The end objective of bonsai and painting, Kuroki said, is for it to appear free flowing. But it’s really the opposite as they both involve manipulation and distortion.

Kuroki said his artwork is intentionally ambiguous.

“They’ll make people contemplate them,” he said. “They’re not too obvious.”

Kuroki added that friends of his will be playing music at the reception for ambiance.

Drew Seveland, co-owner of Infinitea, said the reception will be like an open house and is a good way for people to get out of the house.

“We’ll have a time from 7 to 9 p.m. for people to come in to meet the artist, talk about the art, share different ideas and . meet different people and have a good time, have some tea,” he said.

Seveland said he has seen pictures of the artwork Kuroki plans to display and describes Kuroki’s artwork as darker and expressive, but definitely not abstract.

“(Kuroki) takes things and manipulates them in a way that kind of comes out to be much more expressive than just a painting of a still-life or something,” Seveland said.

Seveland said he and Kuroki became friends during a New York trip offered by the art department. Seveland said when the tea house began to bring in artists for art displays, Kuroki came
to mind.

“I kind of thought of him instantly as someone I wanted to bring in,” Seveland said.

Infinitea began to display local artwork for several reasons. The tea house has the wall space, Seveland said, and he’s been interested in art openings in general since he went on the art trip as a student.

“The fact is that there aren’t that many places around Eau Claire that do this and that turns this into . an event where people can meet different people,” he said.

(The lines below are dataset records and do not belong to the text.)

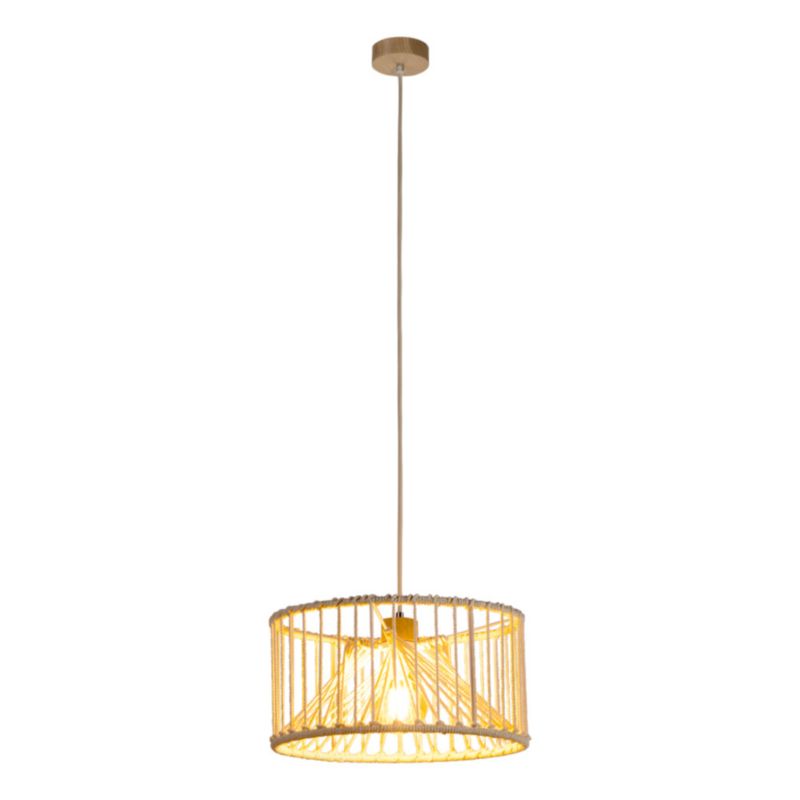 Drewniana Lampa Wisząca SPOT Light 1xE27 Max.15W LED Dąb Olejowany FSC, Kremowy Bawełniany Sznurek, 1 szt.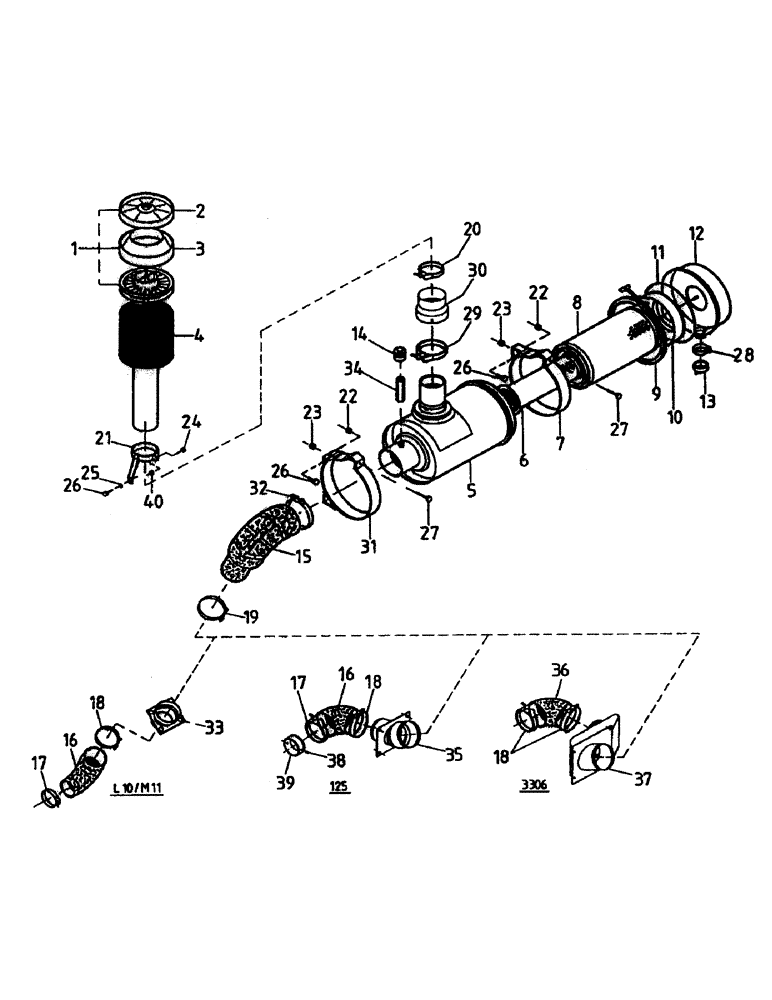 Схема запчастей Case IH 7700 - (C03-03) - AIR CLEANER, 125/L10/M11/3306 Engine & Engine Attachments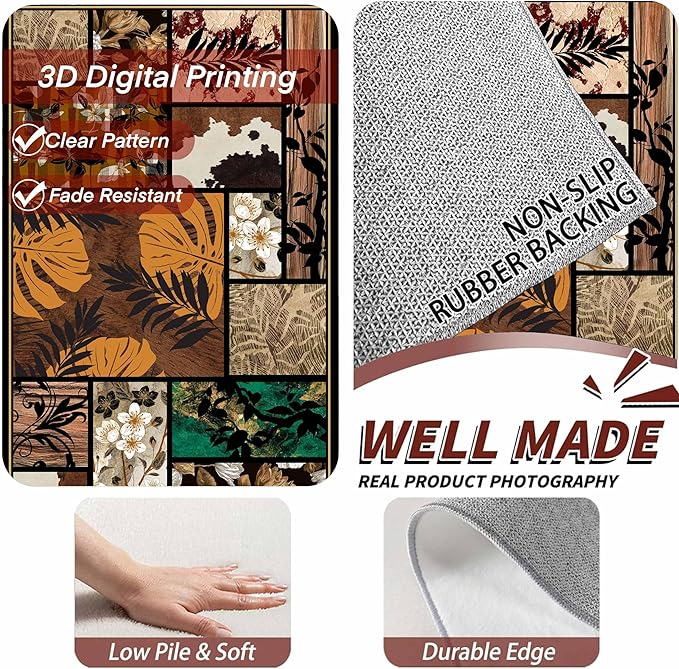 Floral Tropical Patchwork Area Rug 4x6ft, Vintage Black & Brown Country Carpet, Low Pile Non-Slip Mat for Cozy Bedroom, Dining Room, Farmhouse Decor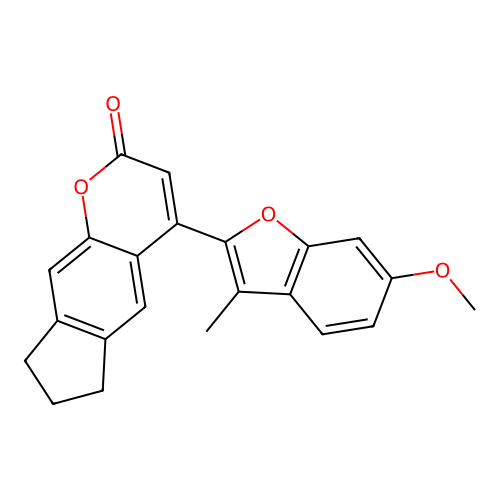 4-(6-methoxy-3-methyl-1-benzofuran-2-yl)-7,8-dihydrocyclopenta[g]chromen-2(6H)-one structure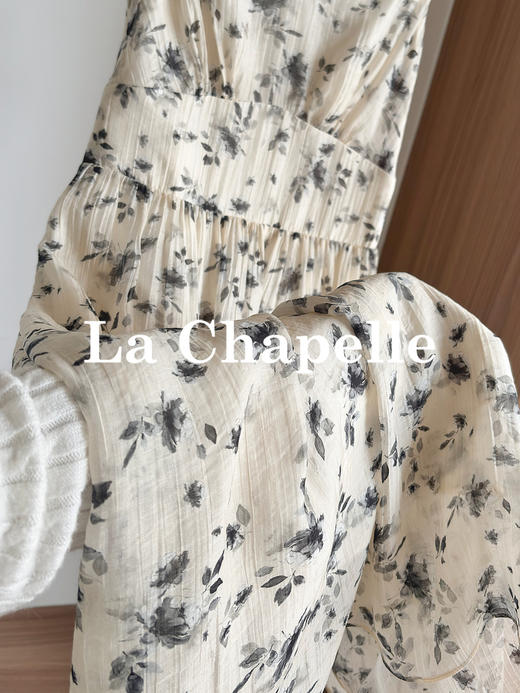 专柜实拍【天丝莱赛尔】拉夏贝尔/La Chapelle轻奢线！法式V领撞色花朵后背松紧吊带裙气质温柔连衣裙 商品图5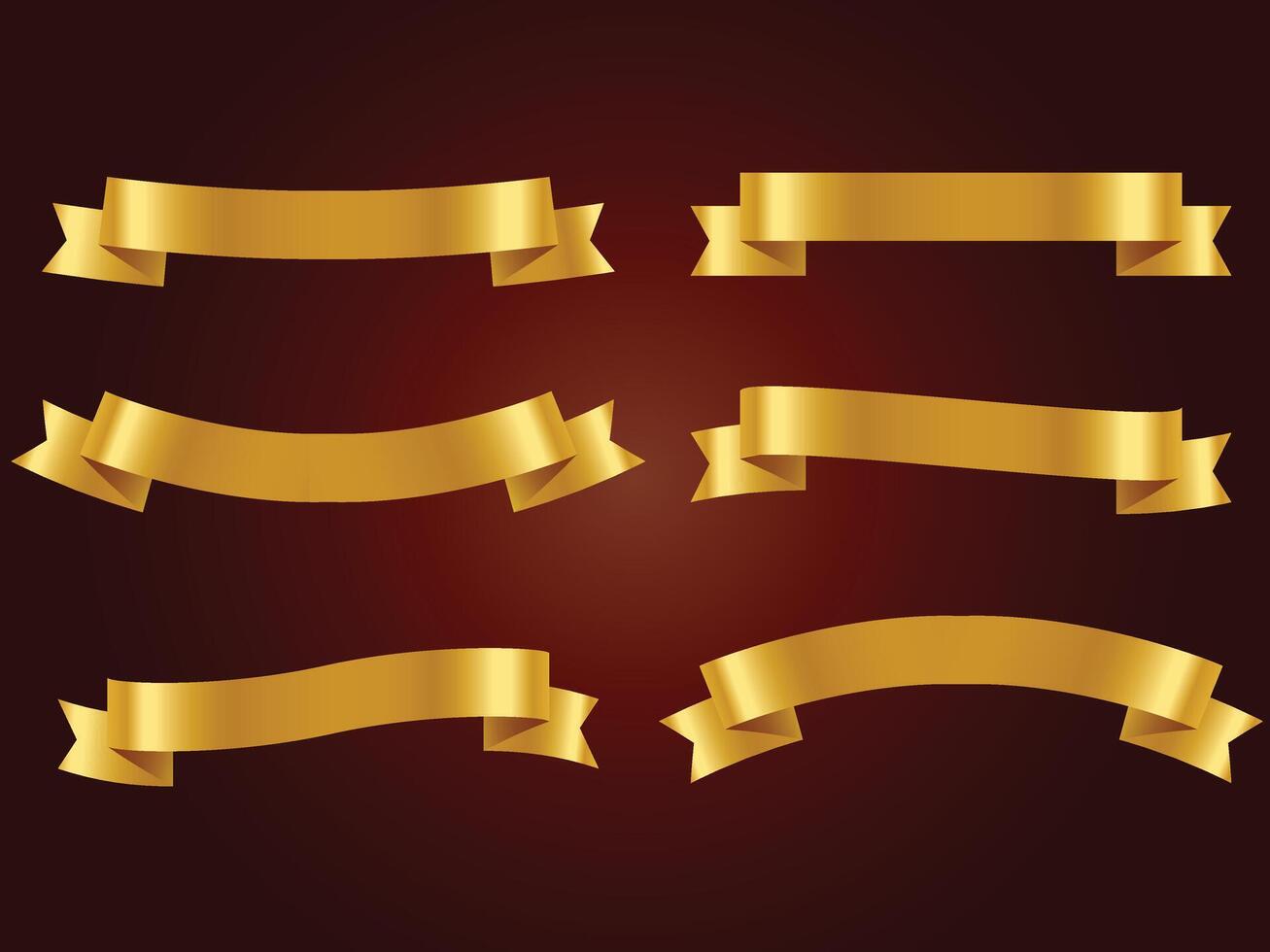 Gold ribbons and labels set vector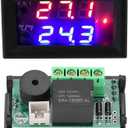 Keenso Digital Display Microcomputer Thermostat, Temperature Controller Switch with Sensor DC12V for Home Heating, Cooling, and Pet Habitats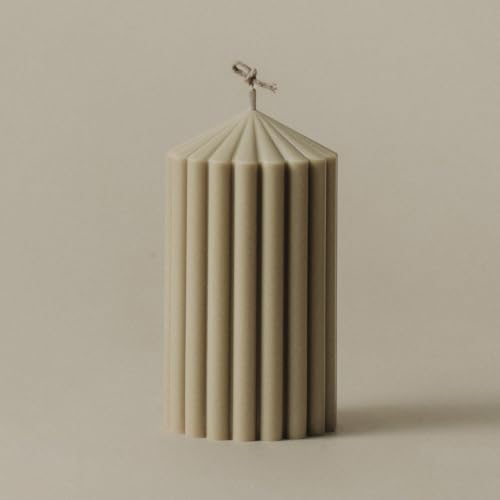 LAWA Ribbed Peak Pillar Candle - Large Beautiful Handmade Pillar Scented Soy Wax Candle Elegant Bubble Aesthetic Candle Housewarming Gift Home Room Shelf Decor Idea Olive Beige (Small) - color: Olive Beige, size: Small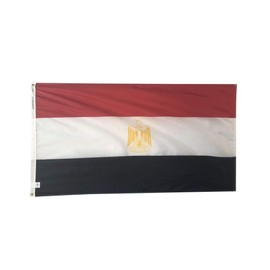 4x6' Egypt Flag - Durable and Fade Resistant All Weather Nylon, With Canvas Header and Brass Grommets, 4 Rows of Fly End Stitching, Made in USA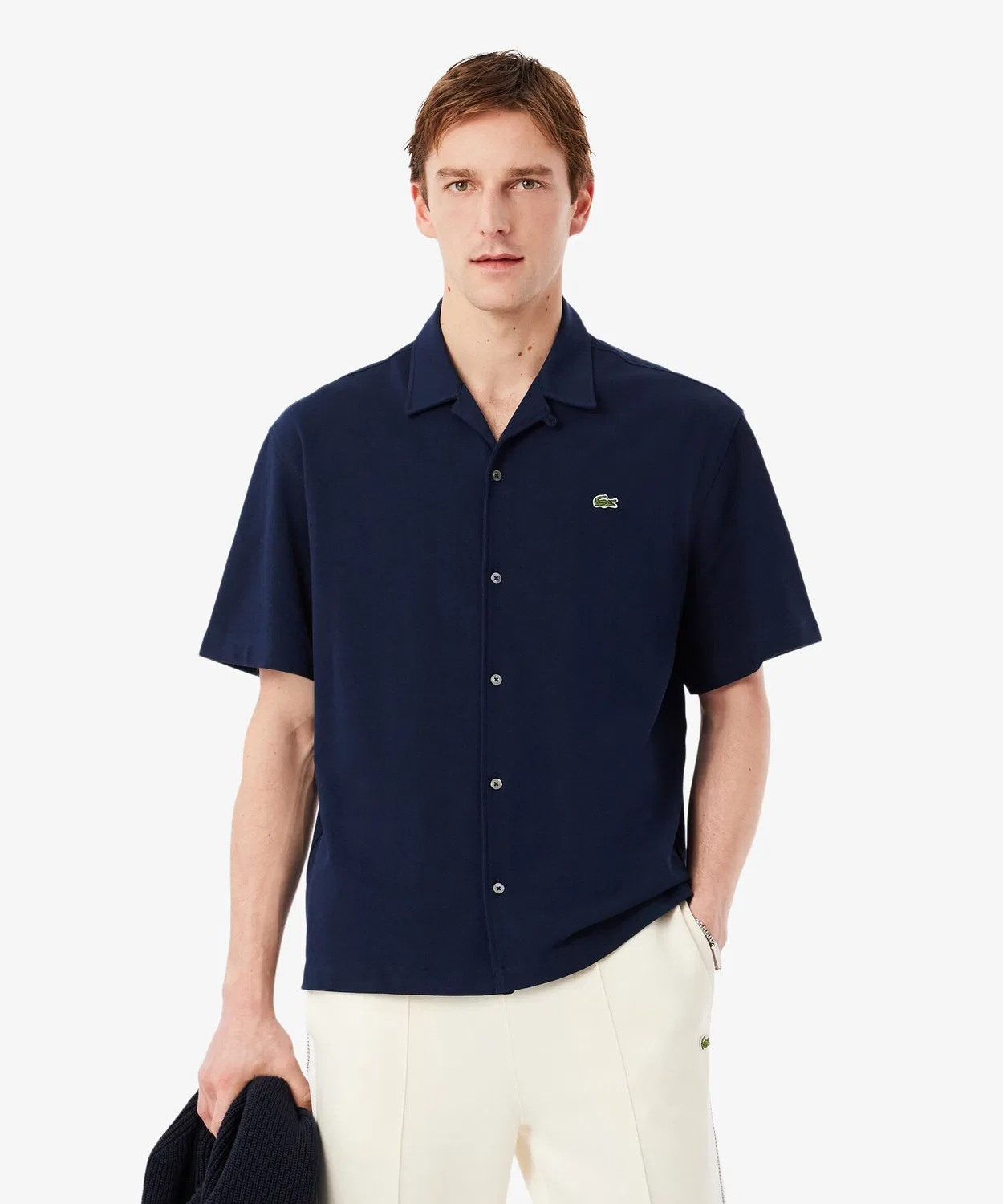 Мужская рубашка с открытым воротником из пике Navy LACOSTE — фото 3
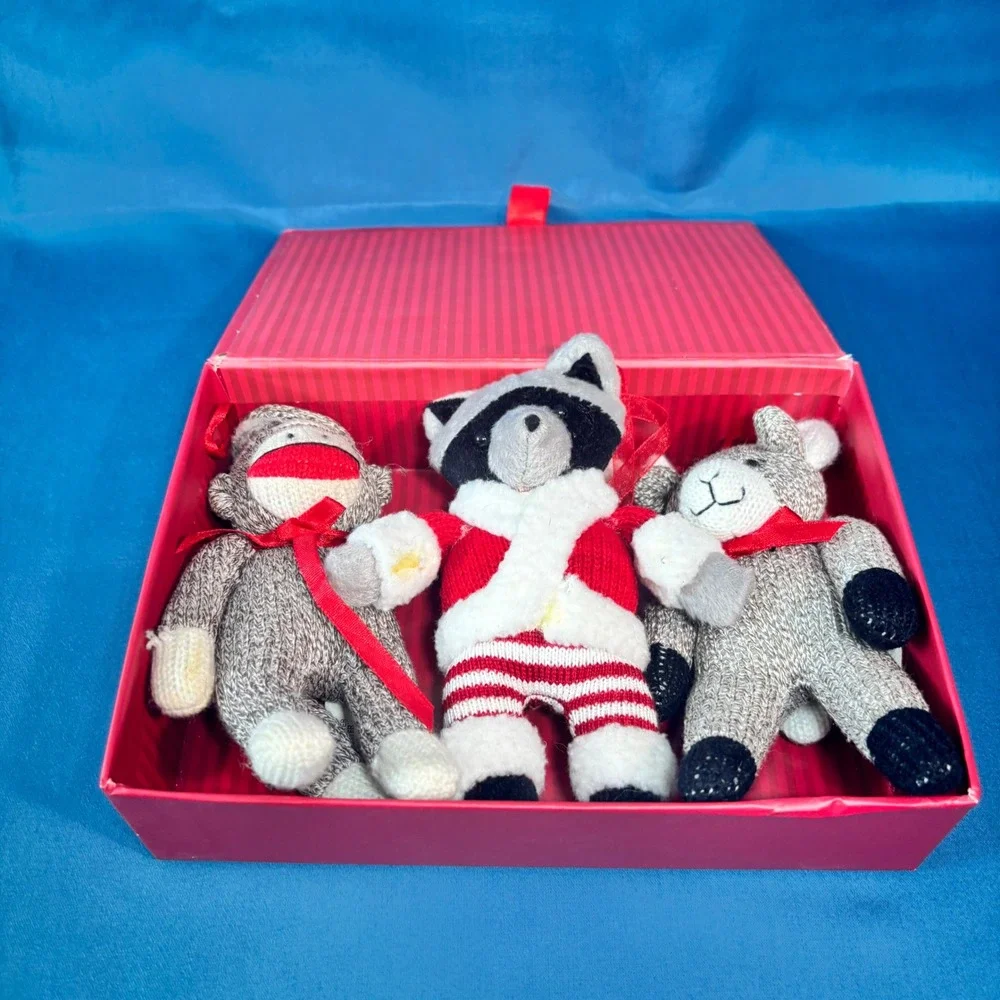 Midwest Cannon Falls Knit Christmas Ornaments Sock Monkey Moose Raccoon Lot of 3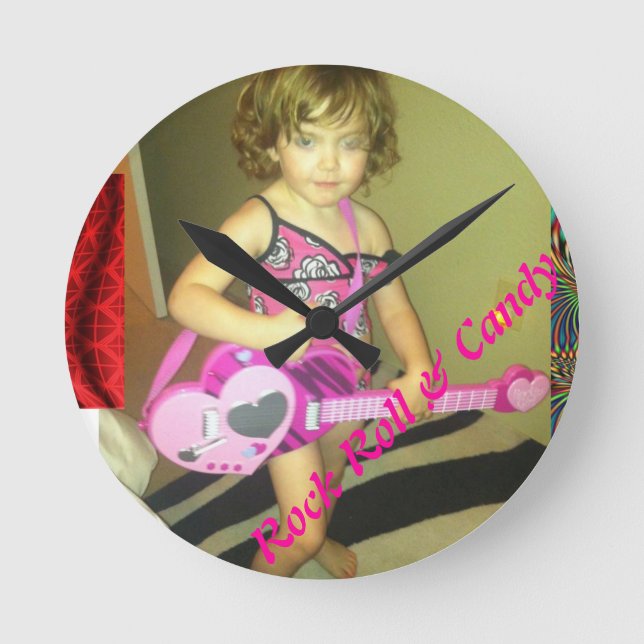 Rock Roll & Candy Round Clock (Front)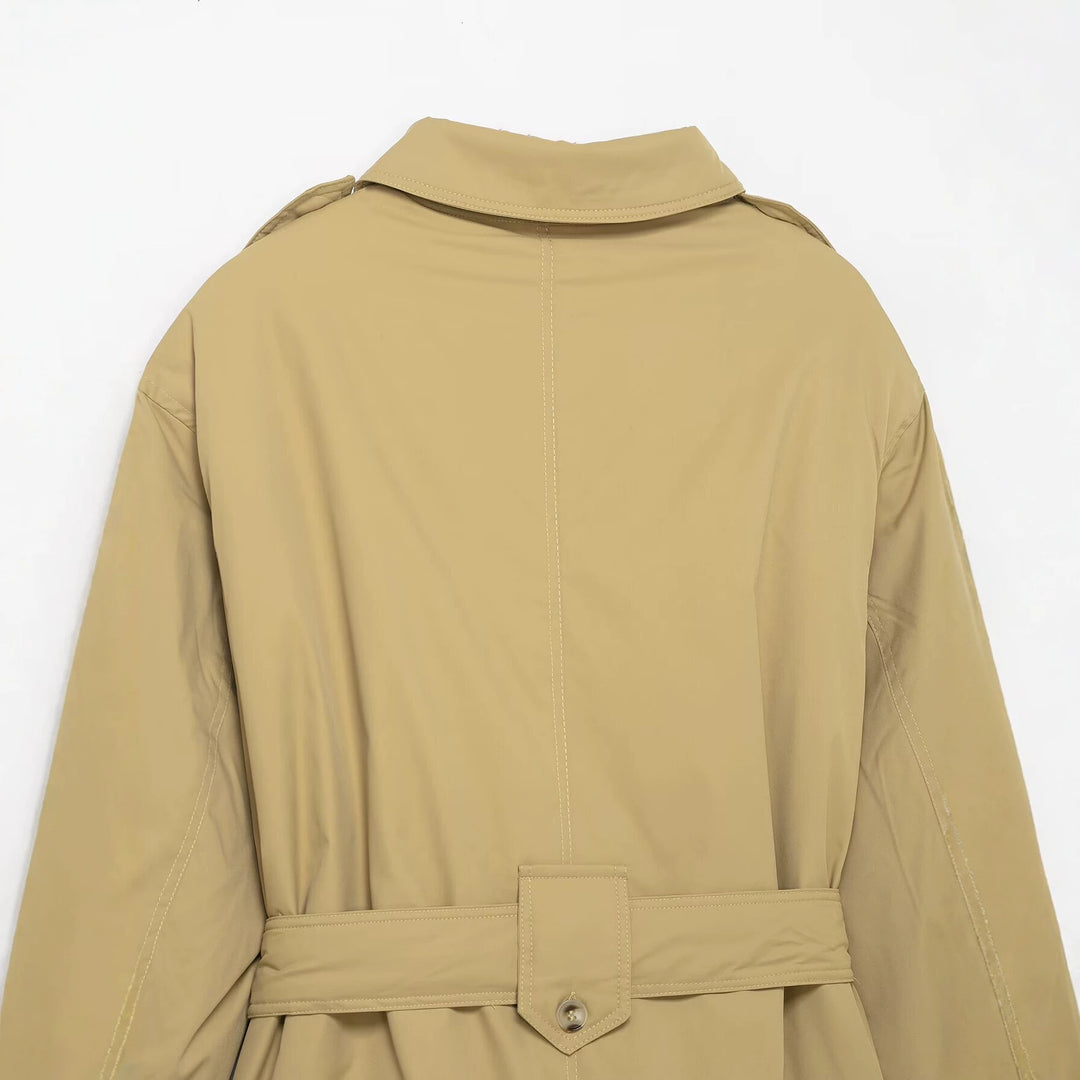 Damen Kurzer Trenchcoat mit Taillengürtel und Schulterklappen Echo Archiv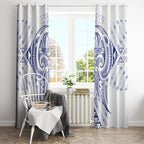 Maori Rugby Custom Ngaru Mangopare Window Curtain Kikorangi Niho Taniwha Motif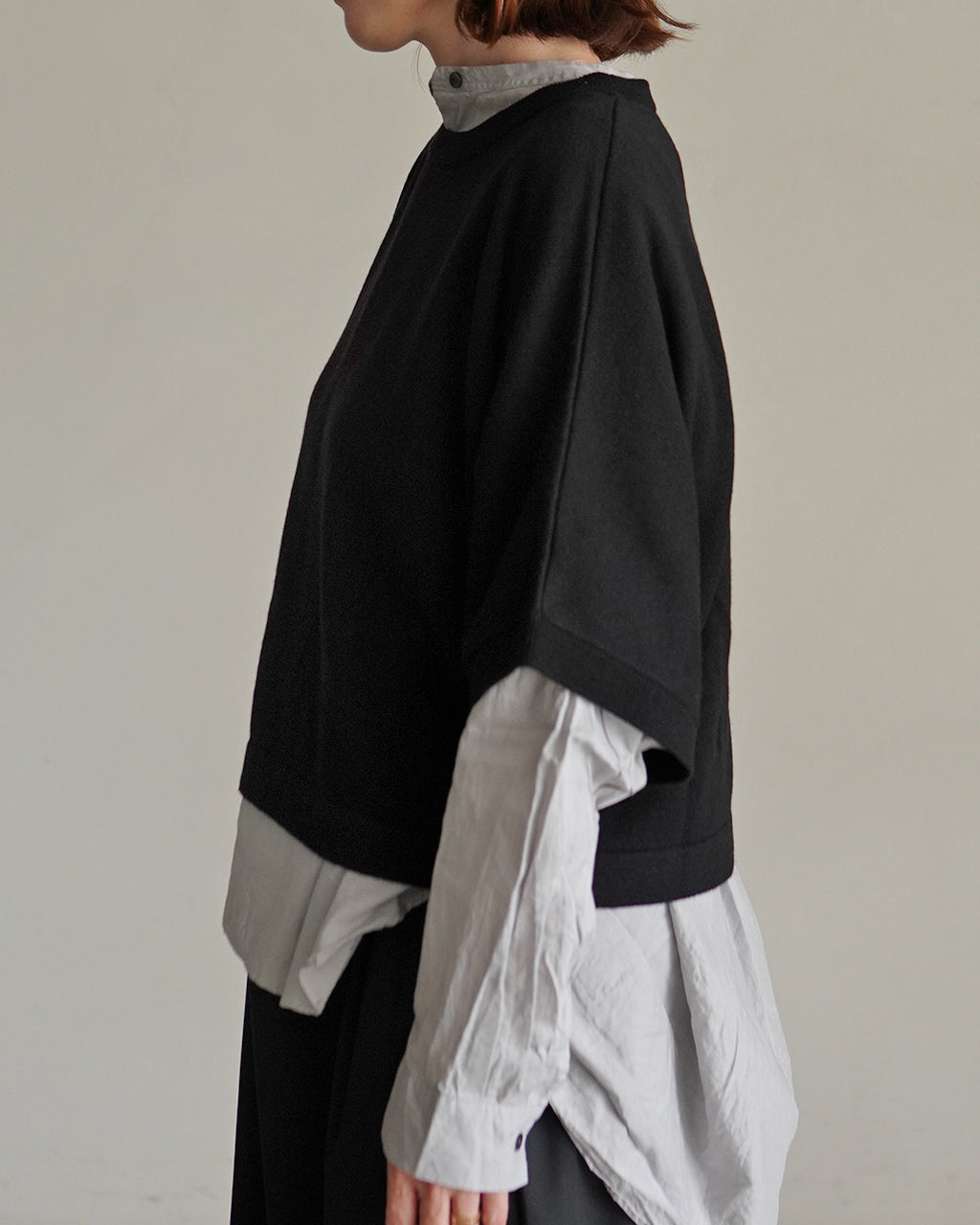 asymmetry crew neck P/O 3-220163
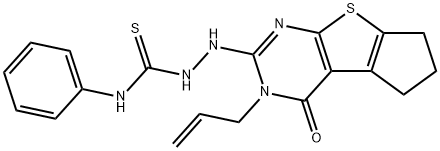 2-(3-allyl-4-oxo-3,5,6,7-tetrahydro-4H-cyclopenta[4,5]thieno[2,3-d]pyrimidin-2-yl)-N-phenylhydrazinecarbothioamide Struktur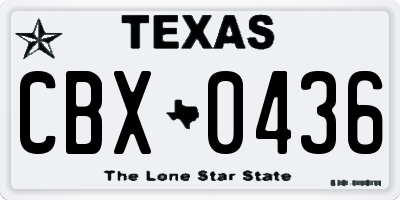 TX license plate CBX0436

It’s also an opportunity for young artists or local artists to meet each other and get their work out, he said.

Seveland said he hopes that Kuroki’s art sparks thought in patrons. It’s also an opportunity to see the broad range of art the Chippewa Valley and the university has to offer.

Assistant professor of Art Ned Gannon said the opportunity that Infinitea offers artists is terrific.

Artists are always looking for new venues and opportunities for their work, Gannon said, and when people are just out of school it can be difficult to find places to sell work, to show work or get publicity.

“I think the more opportunities we have for that, the better,”
Gannon said.

Gannon said he has known Kuroki for a number of years through class and like Seveland, knows the artist through the New York art trip, which he co-led once with Karen O’Day, professor of art history. The trip is a one-credit course and it is possible to go three times for a total of three credits. It is offered every spring.

Gannon said Kuroki has gone on the art trip twice and he thinks Kuroki will go again.

“I think that’s sort of indicative of his personality,” Gannon said. “I think he’s really interested in where art’s happening, what kind of art’s happening, where he can fit into that larger scheme of things.”

Gannon said he thinks Kuroki is talented and is a reliable student.

“You can expect the work on time, you can expect good quality work and every once in a while, you can expect a surprise from him,” Gannon said.

Gannon added this is the kind of student that he hopes for. Students like Kuroki are able to develop both conceptually and technically at the same time.

Gannon said he’s always excited to see student’s artwork and thinks it’s interesting that Kuroki took the initiative to use work done outside of class.

“I don’t think that’s necessarily typical,” Gannon said. “I think a lot of times when people have shows around here, it is work that they’ve had feedback on. It’ll be exciting not only to have a student show work, but it will also be exciting to see work that I haven’t commented on or seen.”